Conflitos da fé, arte e ciência
Uma das marcas mais «traumáticas» da relação entre a fé cristã e a cultura, ao longo dos últimos três ou quatro séculos é, sem dúvida, o conflito entre fé, ciência e arte. O momento cultural actual, após a superação de posições extremas, quer da ciência, quer da arte, quer da própria Igreja, parece propício à recuperação do diálogo entre essas actividades humanas fundamentais.
A ciência, após o abandono das suas pretensões totalizantes e absolutas, encontra-se cada vez mais aberta à sua integração numa perspectiva mais abrangente da realidade, sem perder a sua legítima autonomia de funcionamento. A arte, após um percurso sinuoso pela destruição e metamorfose de toda a herança cultural, está cada vez mais consciente da sua relação com essa tradição, assim como com a dimensão religiosa do ser humano, percorrendo cada vez mais caminhos explícitos de transcendência. Por seu turno, a Igreja assumiu claramente o facto de que a fé cristã não precisa de entrar em conflito directo com essas actividades, naquilo em que a respectiva autonomia o justifica. O respeito por essa autonomia não contradiz a atitude crente, pois trata-se de dimensões diferentes da actividade humana.

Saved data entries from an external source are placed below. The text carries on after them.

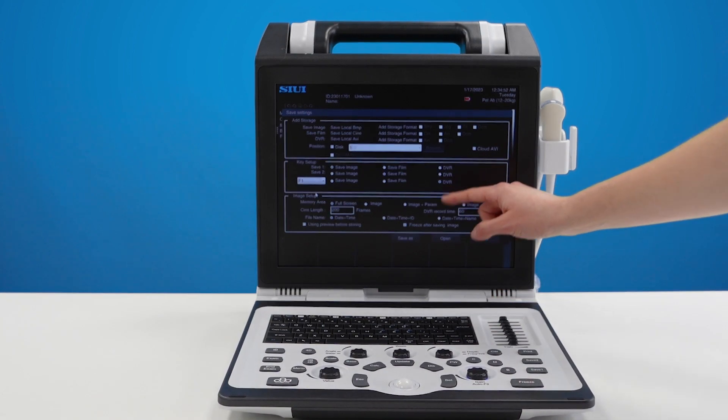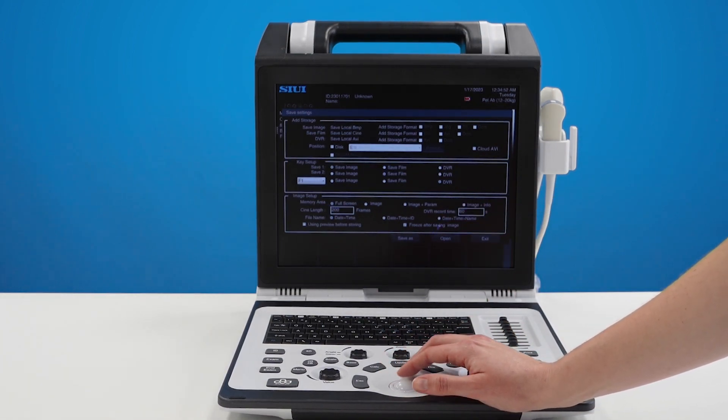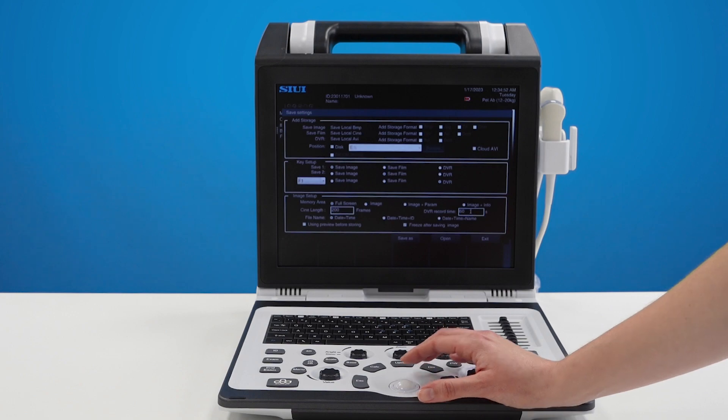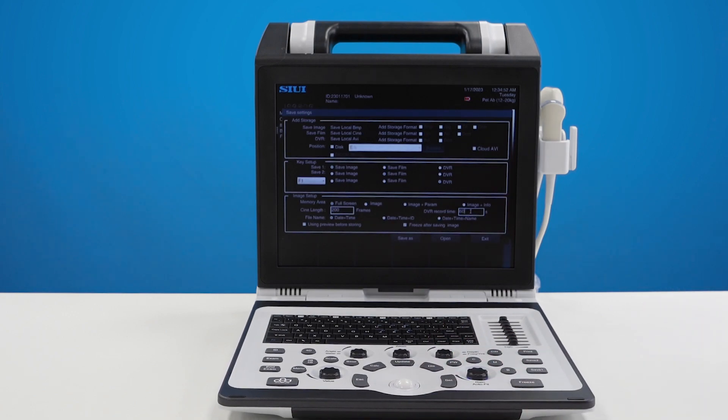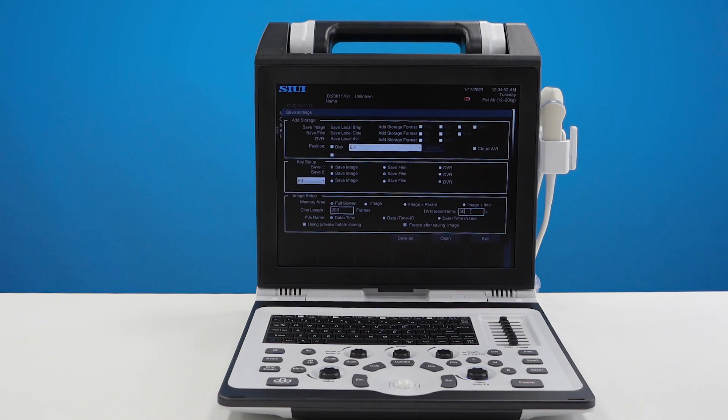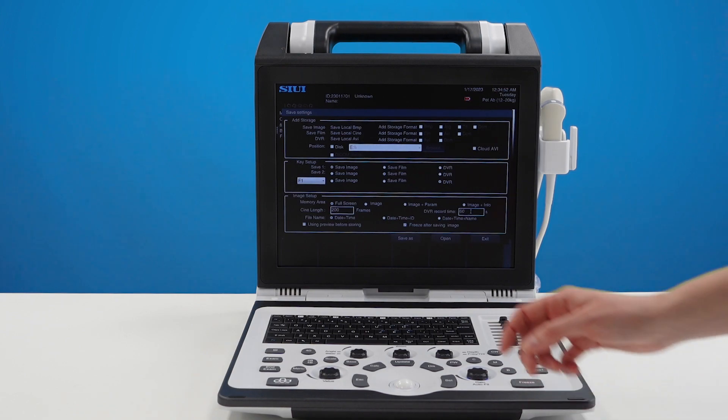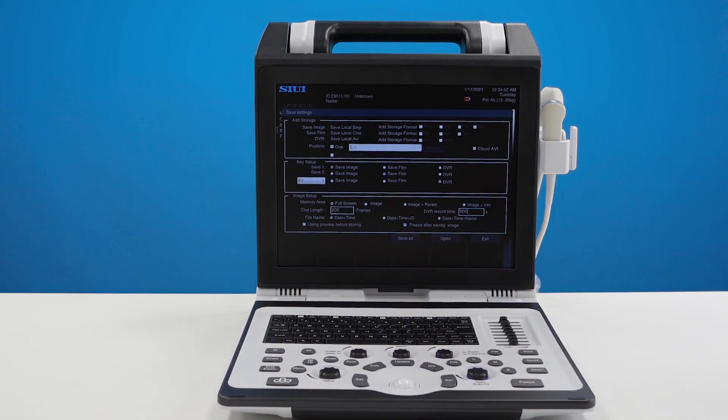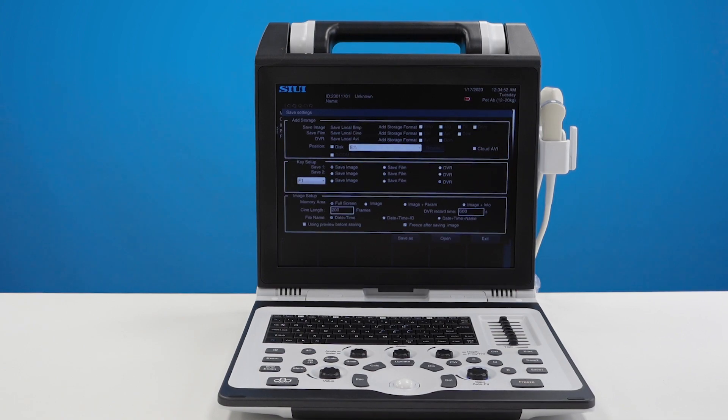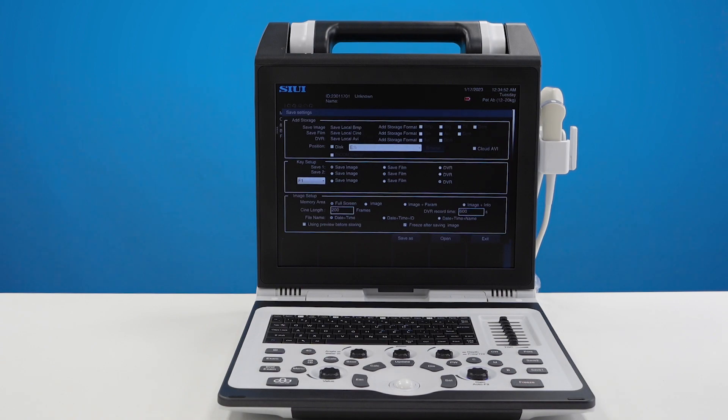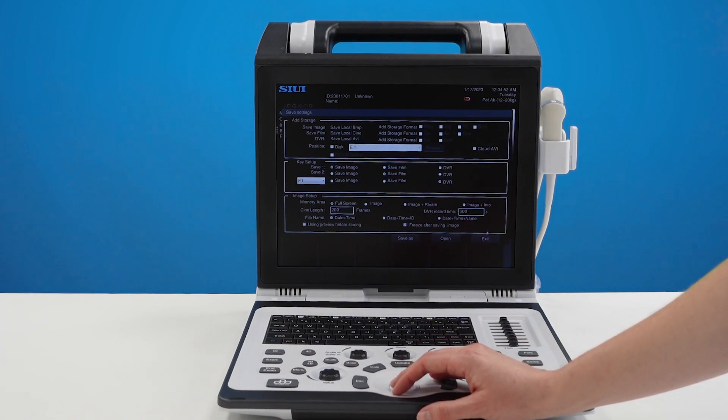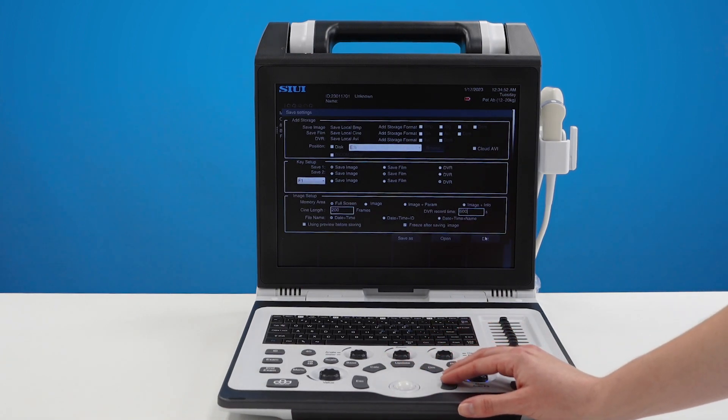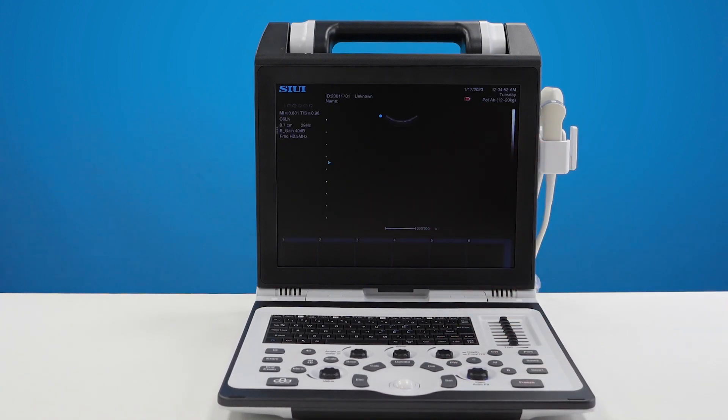DVR will already be selected and now you just need to go down here to DVR record time and set how long you would like your long recordings to be. I want mine to be very long so I just add a zero at the end 600 seconds. It's very unlikely I'll ever get to that length. I'll probably end up freezing or pressing F1 again to stop my recording long before I reach that time. Once you've done that go to exit and set and your machine will now be set up.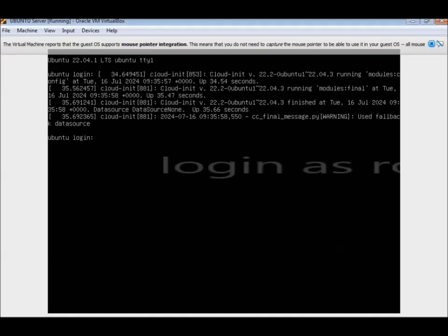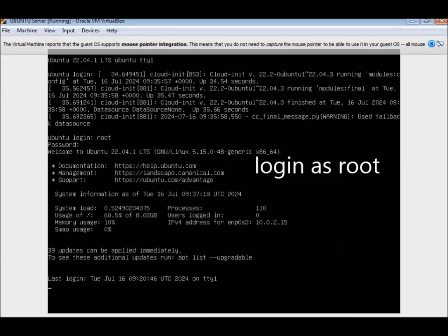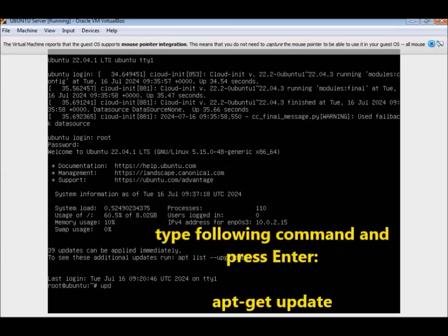If you want to change your keyboard layout — most of you will already know — for the minimal ISO it's loadkeys and then your keyboard layout. I'm going to use setxkbmap and change it to my keyboard layout, because otherwise I'm going to have some issues.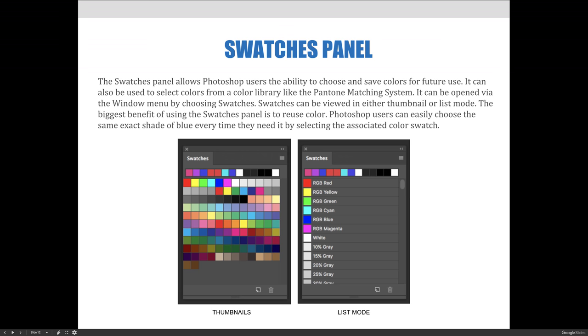The biggest benefit of using swatches is to reuse color. Photoshop users can easily choose the same exact shade of blue every single time they need it by selecting the associated color swatch from the Swatches panel. If you don't use swatches, you have to literally guess which color you used in the past and hope it's the same, or you have to write down the percentages or values for CMYK or RGB and then enter them every single time.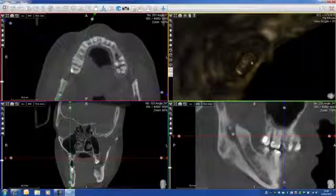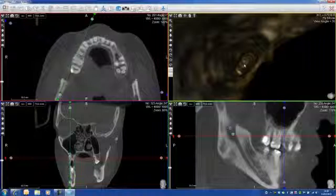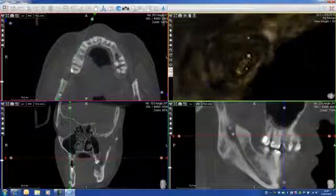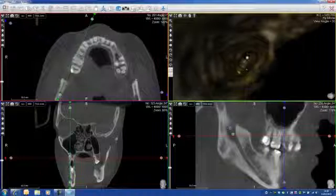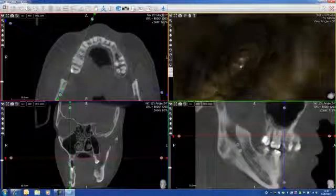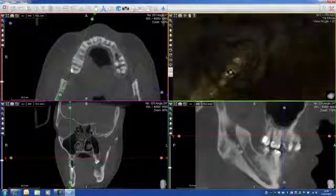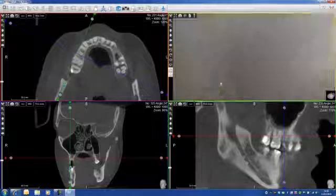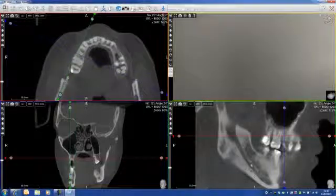Perfect. Look what we see here — we see the mandibular canal. I can increase the density to see it a little bit better. And now I can just go inside and navigate through.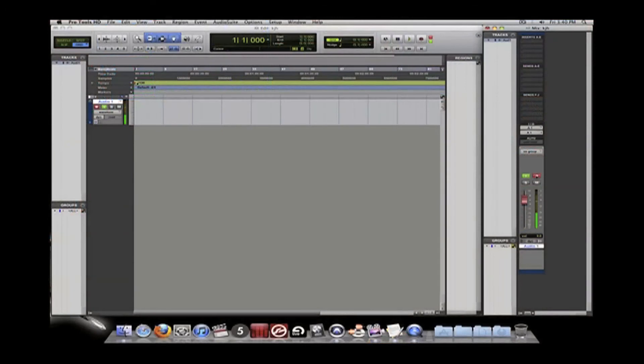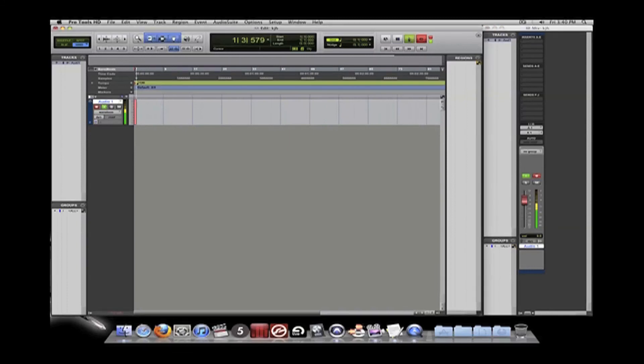Simply record enable your tracks and check the level of the incoming signal. Don't forget to move your fader on the board up. Finally, arm the record in Pro Tools and press play.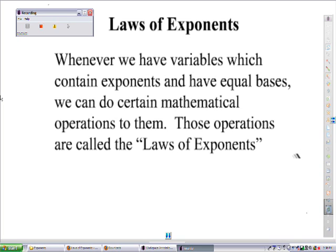Hello everybody. Today we're going to be working on the laws of exponents. Whenever we have variables which contain exponents and have equal bases, we can do certain operations on them, and those operations are called the laws of exponents.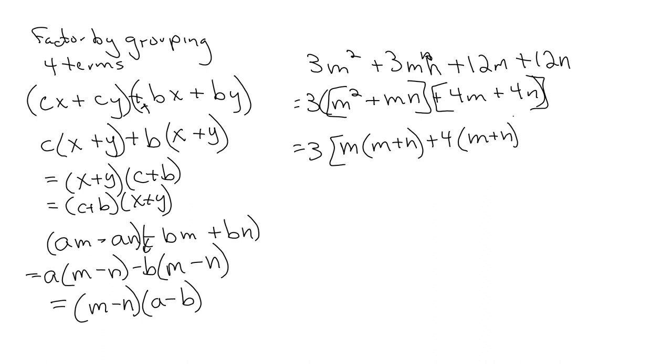So now it becomes that three in the front, common factor M plus N, and the leftovers M plus 4.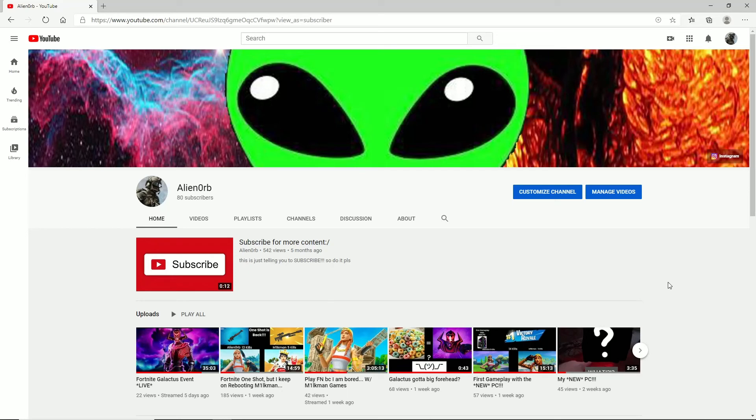But I also really want to hit 100 subs by the end of the year, so make sure you tell your friends and share it with other friends.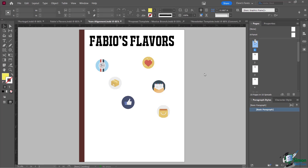In this lesson, we are going to discuss alignment options. Sometimes you want to align images, text, shapes — any kind of object on the screen — you might want to make it flush left, or align them on the top. Other times you also want to distribute your objects. So let's take a look at this document here where I have these icons.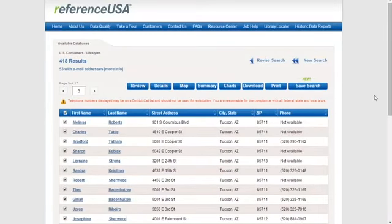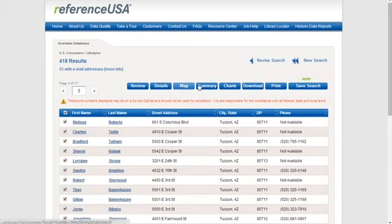Here are our results from the earlier video. We are still in the U.S. Consumers and Lifestyles database. Please note that besides downloading into an Excel format, you can also look at a map, look at the summary, and look at the charts options. These are both available in this database as well as in the U.S. Businesses database.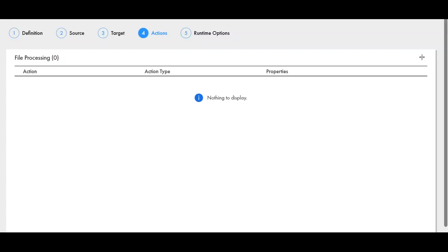Now let's go to the demo section. This is a file mass ingestion task and once we have defined the task and the source and target, then we can move to the actions tab. In the actions tab we see there is a plus icon using this we can add the action. This is under the file processing tab.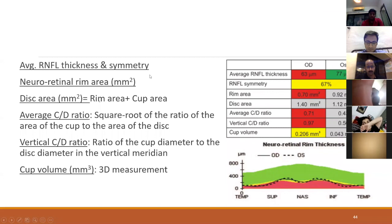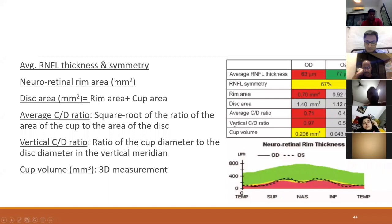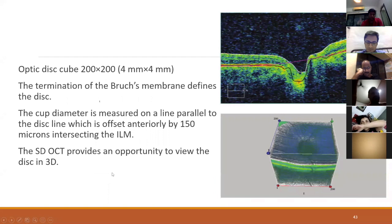The average RNFL thickness and symmetry are given in the printout. An abnormal scan would show average RNFL thickness below the typical Indian population range of 100-105 microns. A symmetry below 90%, or an interocular difference greater than 10 microns, indicates pathology. The rim area and disc area are measured. The vertical CD ratio along with rim area are the most reliable criteria for diagnosing glaucoma. Cup volume is extracted from the 3D measurement.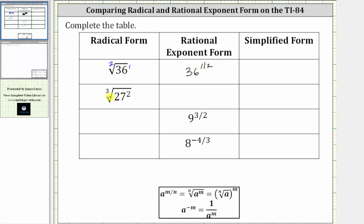Next, we have the cube root of 27 squared. Because the exponent on 27 is two and the index is three, the cube root of 27 squared is equivalent to 27 raised to the 2/3 power.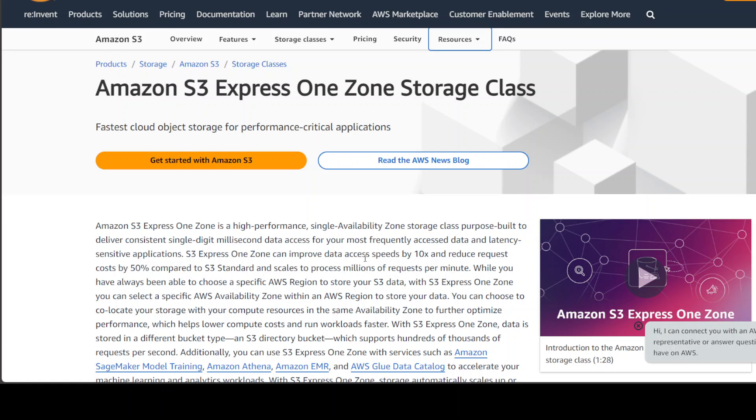I'll drop the link in video description. So primarily what happens is that this Express One zone resided in only one availability zone, which is a primarily one or more data center physically located in a geographical region. And it has been purpose built to deliver consistent single digit millisecond data access for your most frequency access data and latency sensitive application. So one use case I could quickly think of is some sort of elastic map reduce or any data lake where we have a set of data which is very, which we sometimes call hot zone or hot block, which is required by the application where rest of the lake remains dormant. So what we can do, we can put that hot data in this directory bucket and from there it could be accessed quickly and easily in a very, very low latency way.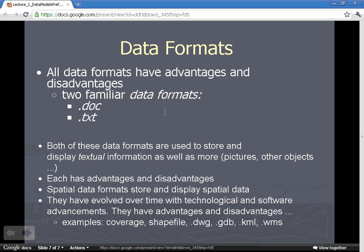Both the Word document and the text document would allow you to write a letter, but they do slightly different things. A Word document has many fancy formatting techniques — you can insert images and do more with it — whereas the text file is a much simpler data format. That doesn't mean one is better than the other; they are only better for a particular application. In GIS, we often want a text file because we don't need the overhead of a Word document when we're just storing coordinates.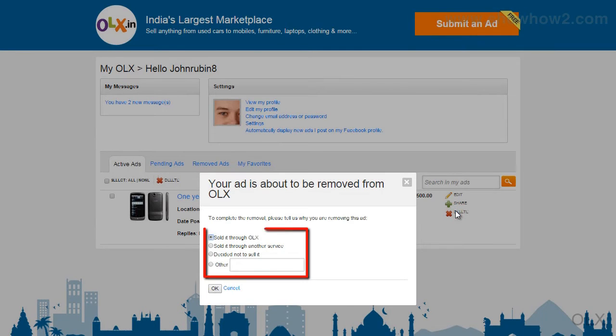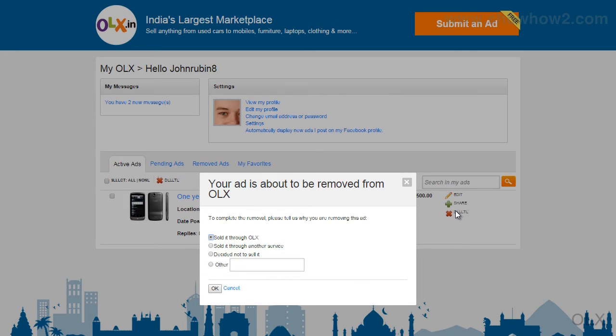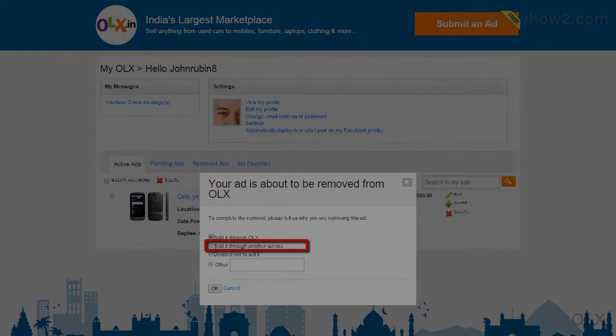Choose and select a reason from the pop-up. In our demo, we select Sold it through another service.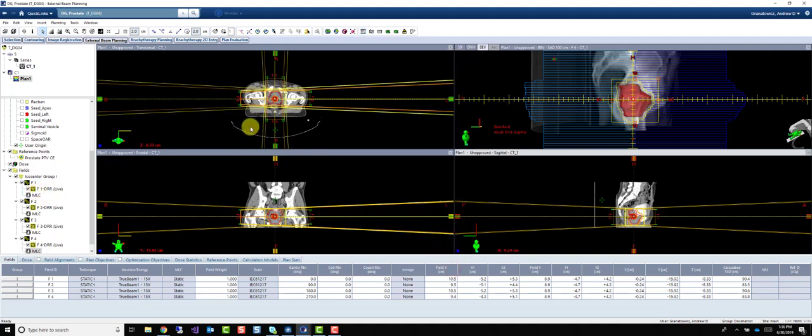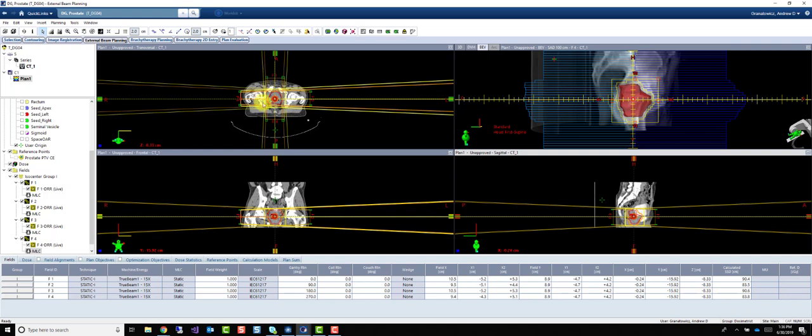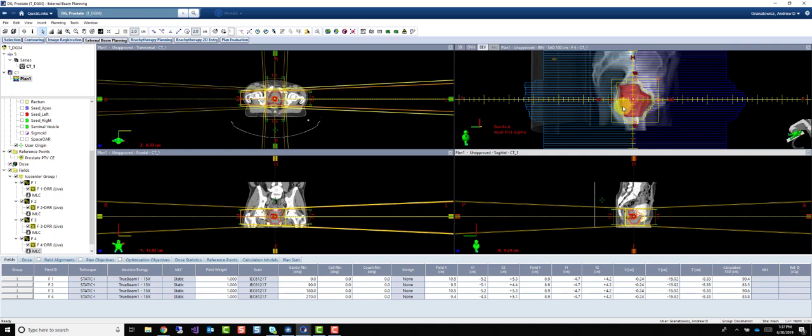So we have our four fields. It's called a four-field box technique or standard four-field technique because we have our AP beam, our PA beam, our right lat, and our left lat all equally spaced, all with the same margin.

Por outro lado, cada vez mais a fé cristã se torna consciente de que não pode ausentar-se da relação quotidiana com essas – e outras – actividades, uma vez que elas fazem parte da vida dos seres humanos e esta não pode separar-se da dimensão religiosa ou da atitude crente. Um dos grandes desafios da cultura actual à transmissão da fé consiste, precisamente, na necessidade de relacionar de modo fértil a vivência da fé com essas realizações culturais que são, sem dúvida, das mais profundas que uma cultura pode conhecer, a ponto de serem, muitas vezes, identificadas com a própria cultura. A transmissão da fé terá que, por um lado, aprender com o contributo de todos os humanos que se dedicam a essas actividades e, por outro lado, deverá orientá-las para a sua verdadeira finalidade, colocando-as ao serviço da humanização de todos os seres humanos e, desse modo, ao serviço da construção do Reino de Deus.